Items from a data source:

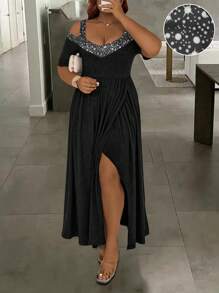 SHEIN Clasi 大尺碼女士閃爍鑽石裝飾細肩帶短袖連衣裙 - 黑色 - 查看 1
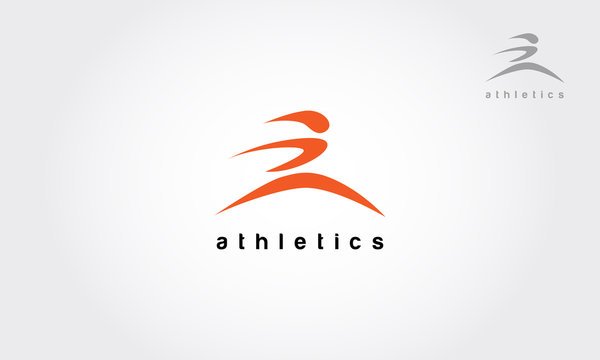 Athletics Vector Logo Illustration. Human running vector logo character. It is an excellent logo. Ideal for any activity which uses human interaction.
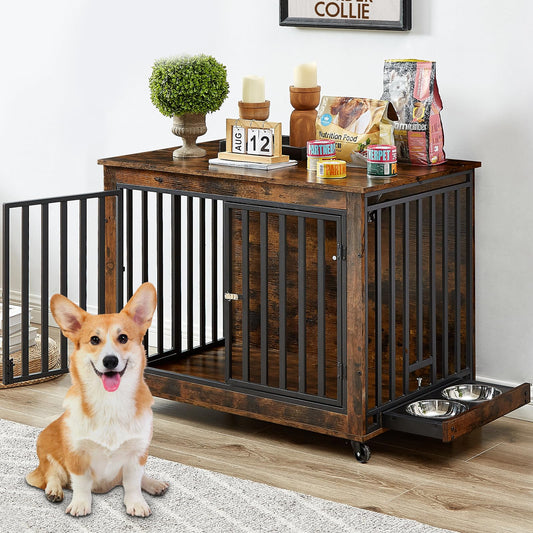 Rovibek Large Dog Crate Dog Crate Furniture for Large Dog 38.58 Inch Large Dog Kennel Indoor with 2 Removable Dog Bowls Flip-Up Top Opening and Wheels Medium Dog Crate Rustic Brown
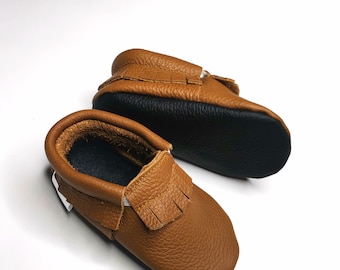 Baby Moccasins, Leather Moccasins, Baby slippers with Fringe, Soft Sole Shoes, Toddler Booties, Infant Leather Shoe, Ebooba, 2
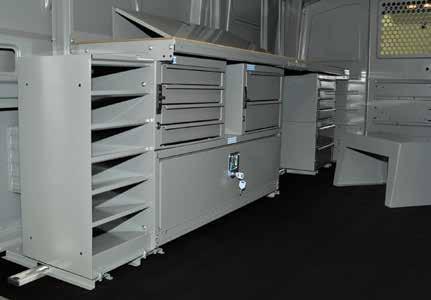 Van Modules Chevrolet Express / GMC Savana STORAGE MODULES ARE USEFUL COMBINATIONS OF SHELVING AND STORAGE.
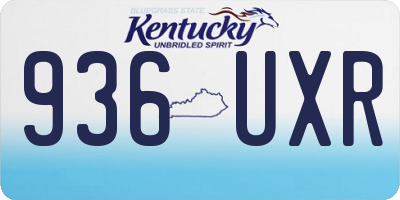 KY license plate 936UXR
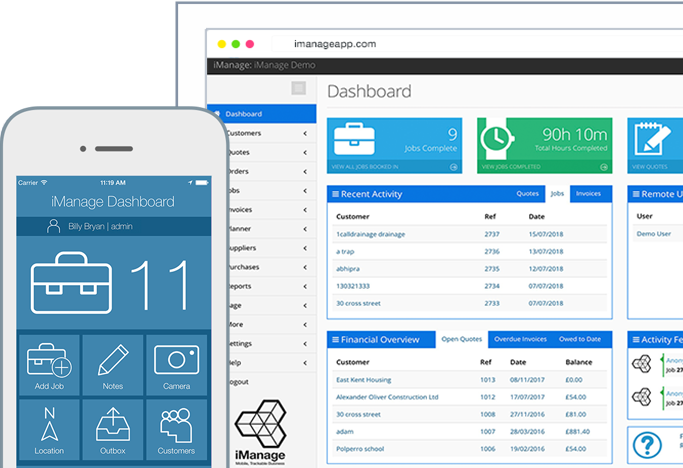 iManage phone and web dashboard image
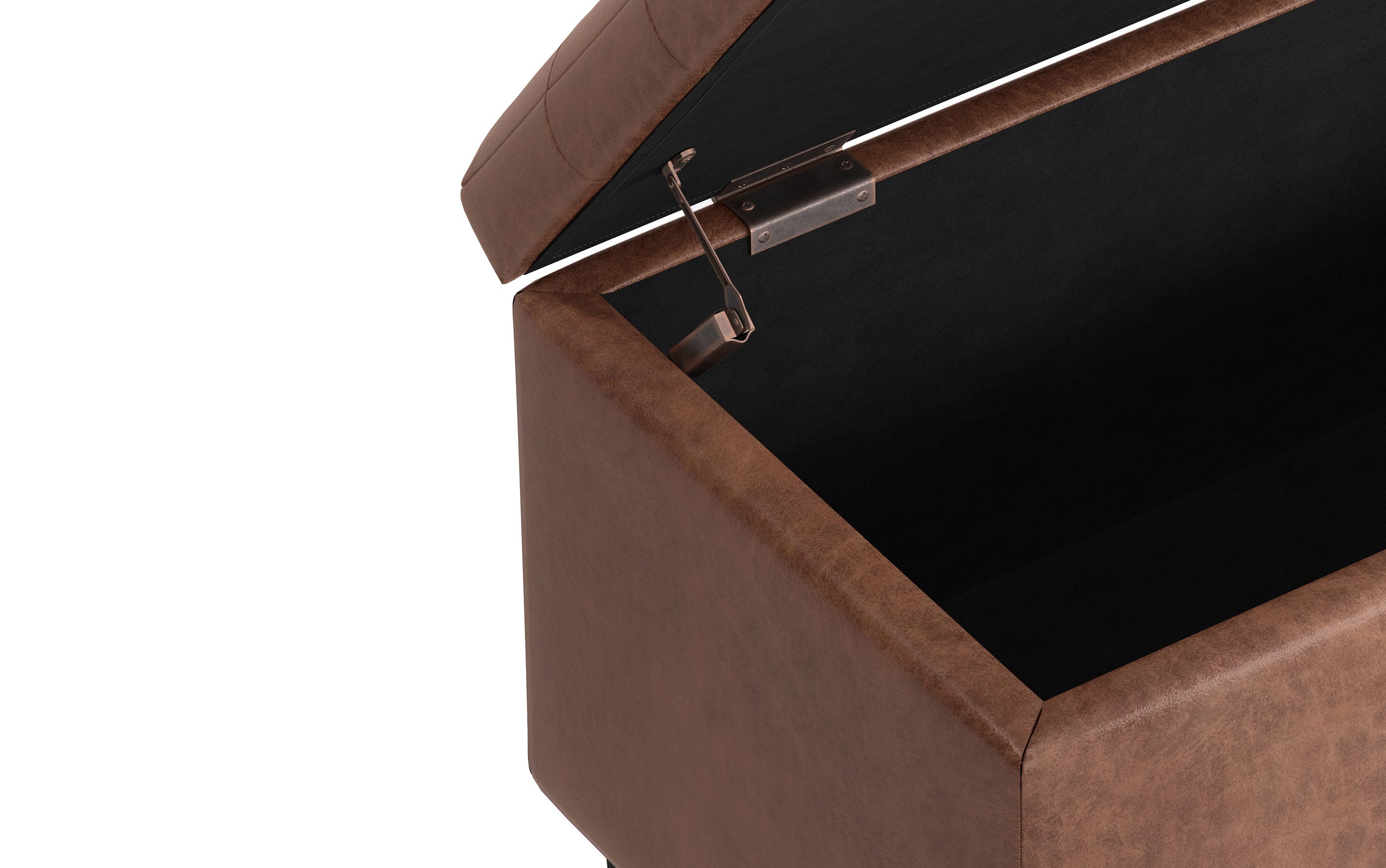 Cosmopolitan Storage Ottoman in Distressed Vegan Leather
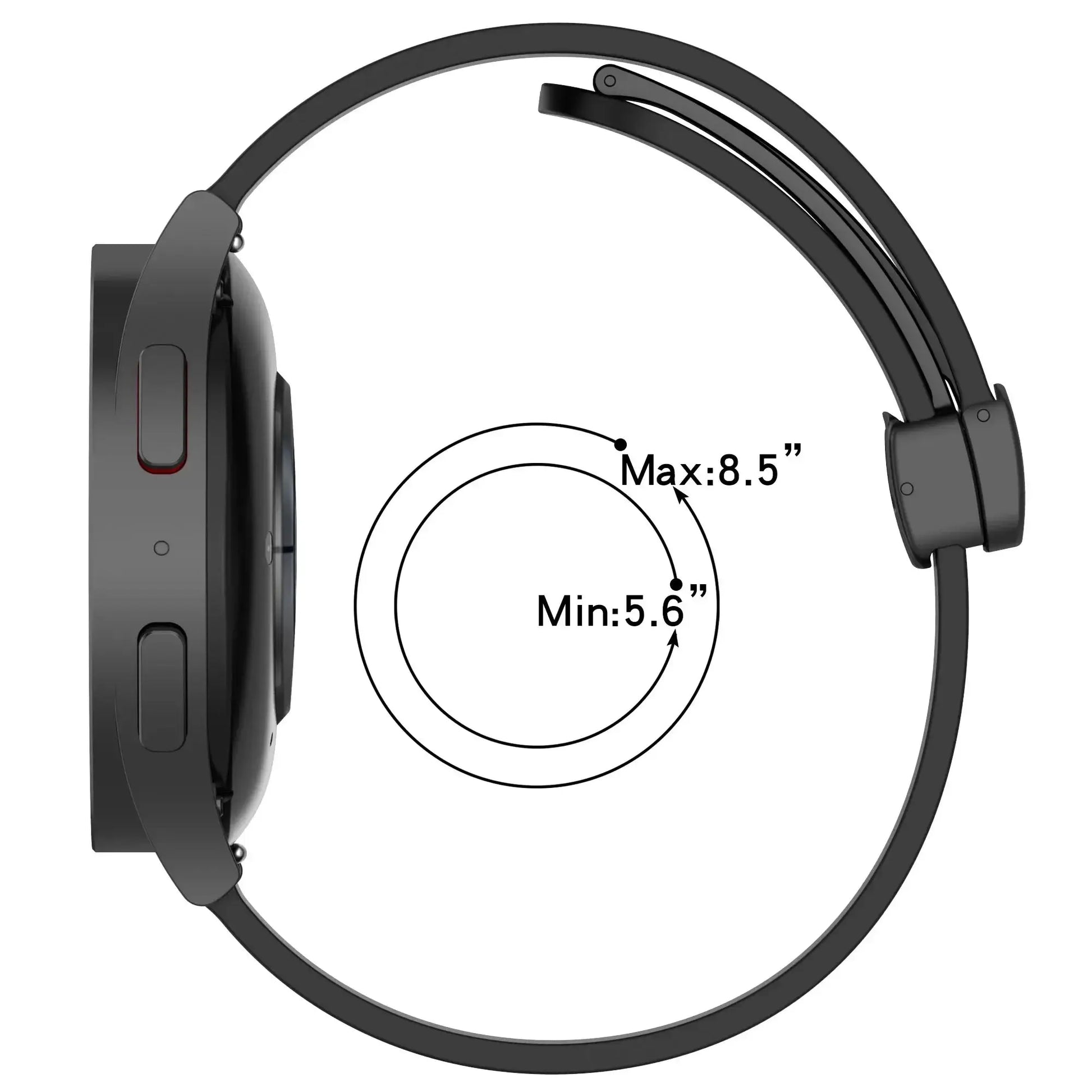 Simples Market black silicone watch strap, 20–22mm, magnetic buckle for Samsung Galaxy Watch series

Task details — Your answer should consist of the lines above between those holding "Rovibek Large Dog" and "KY license plate 936UXR", inclusive, reproduced word for word and without pictures.

Response area —
 Rovibek Large Dog Crate Dog Crate Furniture for Large Dog 38.58 Inch Large Dog Kennel Indoor with 2 Removable Dog Bowls Flip-Up Top Opening and Wheels Medium Dog Crate Rustic Brown
 Baby Moccasins, Leather Moccasins, Baby slippers with Fringe, Soft Sole Shoes, Toddler Booties, Infant Leather Shoe, Ebooba, 2
 Van Modules Chevrolet Express / GMC Savana STORAGE MODULES ARE USEFUL COMBINATIONS OF SHELVING AND STORAGE.
 KY license plate 936UXR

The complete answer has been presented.